Function to estimate the mean square error of a truncated circuit simulation using Monte Carlo sampling. Returns the mean squared error of the truncated Pauli propagation simulation averaged over the thetas∈ [theta, theta] of the angle theta of each PauliRotation. Currently, the function only supports circuits with PauliRotation and CliffordGate gates.

The length the thetas vector should be equal to the number of parametrized gates in the circuit. Alternatively, thetas can be a single real number applicable for all parametrized gates. The default thetas=π or any other non-array values assume that the circuit consists only of PauliRotation -CliffordGate. For PauliRotation, the value should be the integration range of the parameters around zero.

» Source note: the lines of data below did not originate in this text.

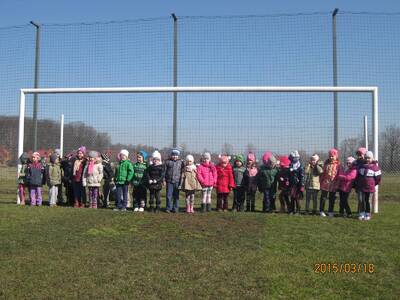 Przedszkolaki zwiedzają obiekty sportowe GKS Radzi...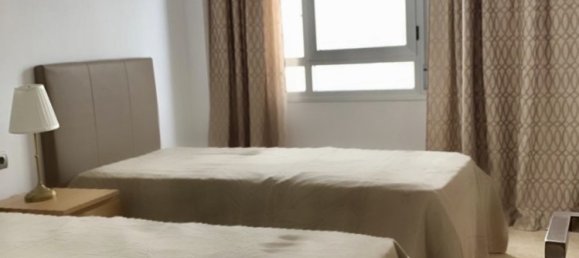 Apartamento de 2 dormitorios en Marbella, Spain No. 10022 10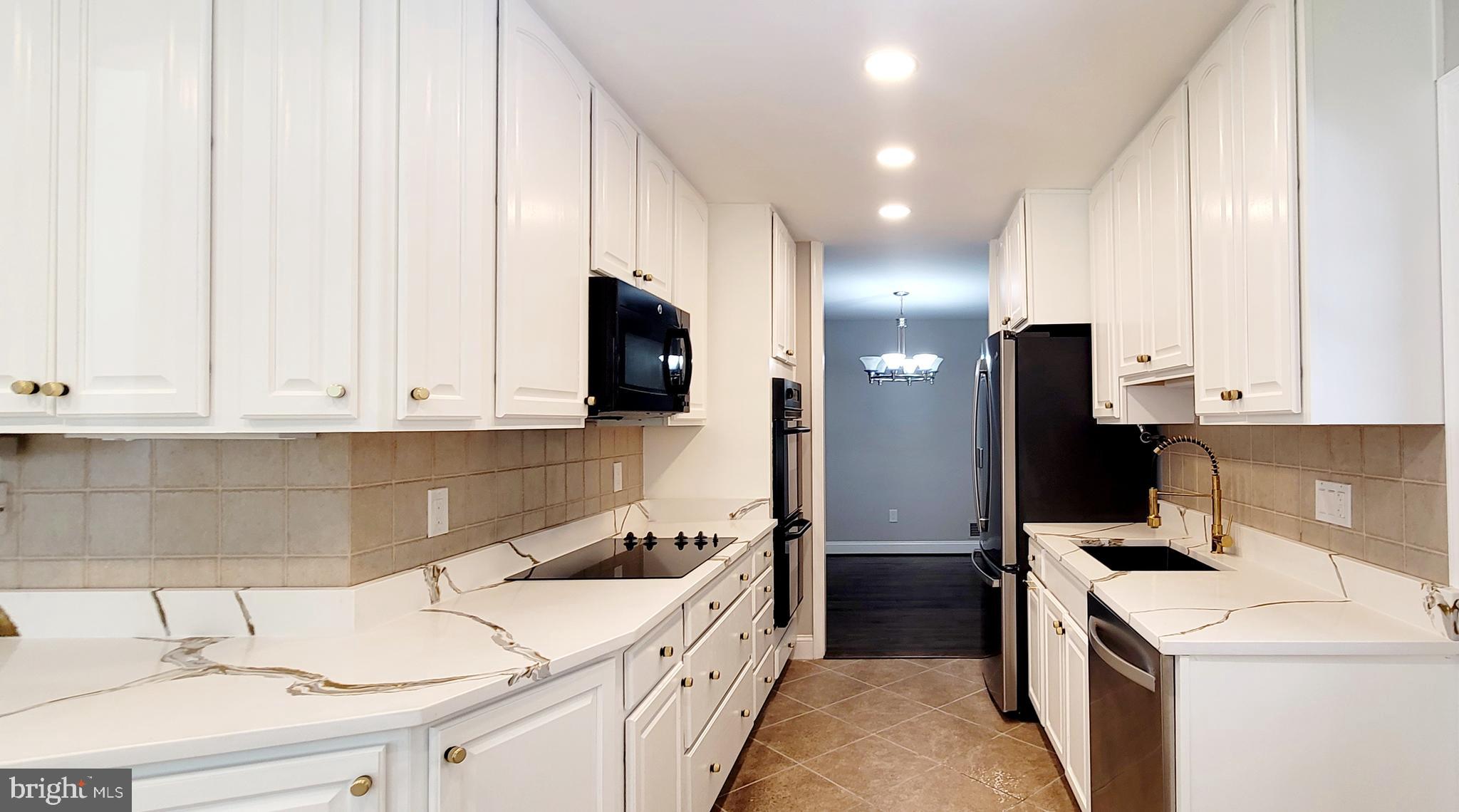 LAKE RIDGE - Residential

An initial state overlap function stateoverlapfunc can be provided to calculate the overlap of the backpropagated Pauli strings with the initial state. Importantly, the kwargs can be used to set the truncation parameters of the Pauli propagation. Currently supported are max_weight, max_freq, and max_sins. Note that min_abs_coeff is not supported here, as we consider errors integrated over the angles. max_freq effectively truncates small coefficients below (1/2)^max_freq on average over thetas ∈ [-π, π]. A custom truncation function can be passed as customtruncfunc with the signature customtruncfunc(pstr::PauliStringType, coefficient)::Bool.

estimatemse!(
circ, pstr::PauliString, error_array::AbstractVector, thetas, split_probabilities; 
stateoverlapfunc=overlapwithzero, circuit_is_reversed=false, max_weight=Inf, max_freq=Inf, max_sins=Inf, customtruncfunc=nothing
)

In-place version of estimatemse. This function takes an array error_array of length n_mcsamples as an argument and modifies it in-place. It further assumes that the thetas and split_probabilities are already correctly calculated and provided as arguments. In general they will be vectors, but they can also be real numbers. A custom truncation function can be passed as customtruncfunc with the signature customtruncfunc(pstr::PauliStringType, coefficient)::Bool.